New Film ‘Dedalus’ Tackles Love, Pain & Isolation Through Three Disparate Stories
Jonah Greenstein’s feature film Dedalus is a triptych that follows three disparate stories, connected by the yearning for love and the pain of isolation. It’s a brief, artsy fiction that circumvents linear narrative for an expressionist portrait of lost souls in flux.
Dedalus has its roots in Greenstein’s festival favorite, Daddy, wherein a young hustler (Alexander Horner) tricks for shelter and that illusive feeling of connection. It’s the centerpiece of Dedalus, anchored between the story of an Iowa girl’s drunken night at a bonfire that ends in a gang rape by high school jocks and an unwanted pregnancy, and an aging gentleman with encroaching illnesses that force him to retreat to the home of his middle-aged daughter.
Greenstein is comfortable with long, naturalistic takes that compel the viewer to slow down and adjust from the whiz-bang showmanship of your standard commercial film. He’s interested in behavior, not revelation, though he’s not immune to shots of nature and the industrial world that are as beautifully lighted, by director and co-cinematographer Jake Saner, as the metaphoric vistas of prime Terrence Malick. Its general mode is meditative. You either feel your way into the film or you tune it out. And one of its strengths is that it isn’t bothered with fulfilling your mainstream expectations. There’s a purity to Greenstein’s vision that — when the film succeeds and when the film fails — sustains.
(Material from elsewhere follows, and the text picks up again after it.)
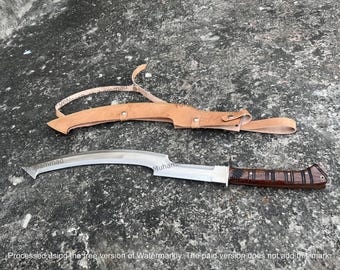 Espada Khopesh egipcia de acero al carbono forjada a mano: espada de caza vikinga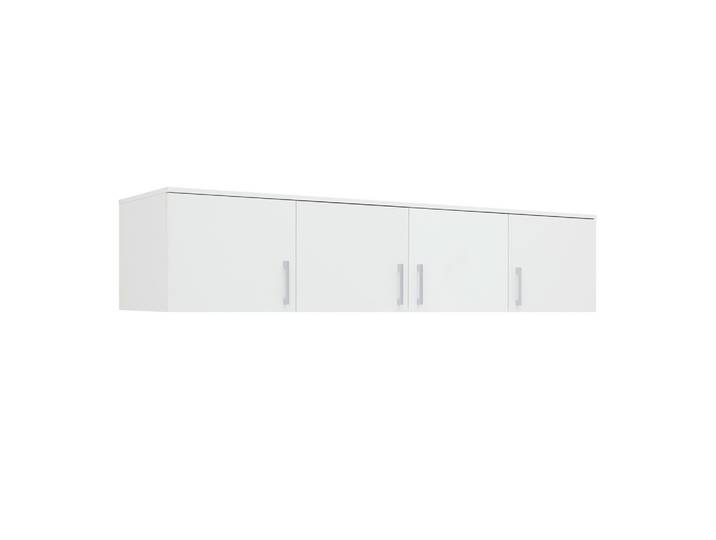 Aufsatzschrank Lasse 4T Weiß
The director has said, when Daddy was making the round of film festivals, “[The characters] aren’t people your average audience member is going to necessarily connect to in the way that many more conventional narrative films will attempt to bring you along on that character’s journey and feel what they’re feeling. I don’t think, in my film, that you relate to the way they’re feeling or their decisions. It’s important to note that we can learn from observing human behavior.”
To that end, Greenstein cast his film Dedalus with both working actors and non-professionals, though the performances throughout are uniform. Still, all things being equal, it’s the source material that remains most memorable here. Alexander Horner, who had never acted professionally before, holds the camera with ease though he often may not look like he’s doing all that much. He’s more than attractive enough to be a successful hustler, though not in an overbearing Hollywood manner, and he has that unerring ability that great listening actors have: we can read his thoughts. His emotions — what he masks for the sake of his clients; what his vulnerabilities reveal when he meets an older man with whom he feels a kinship — are translucent. That older man, played by one of underground New York filmmaker Hal Hartley’s leading lights, Thomas Jay Ryan, is more guarded and cautious than his young lover, though equally adept at masks.
Unlike other films you might label a triptych — The Hours, for example — the segments of the film Dedalus don’t necessarily connect to each other (that very fact is part of the overriding theme of the movie). Each section has moments that are vivid. (The gang rape, in particular, is shot in a manner that never feels exploitative or salacious; it’s dispassionate, and that makes it harder to shake.) And the very end, with the old man summing up his entire life’s regret in one sentence, is stark and tossed away and stunning.
Yet the hustler’s story is Dedalus’s heart and soul. It gives us this section of a young man’s life without judgement and shows us an array of skin in various states of bloom and decay, all of which is brought to our gaze with real consideration and contemplation. It’s where Greenstein shines the brightest, and what makes us wonder what delights this nascent filmmaker might have in store for us.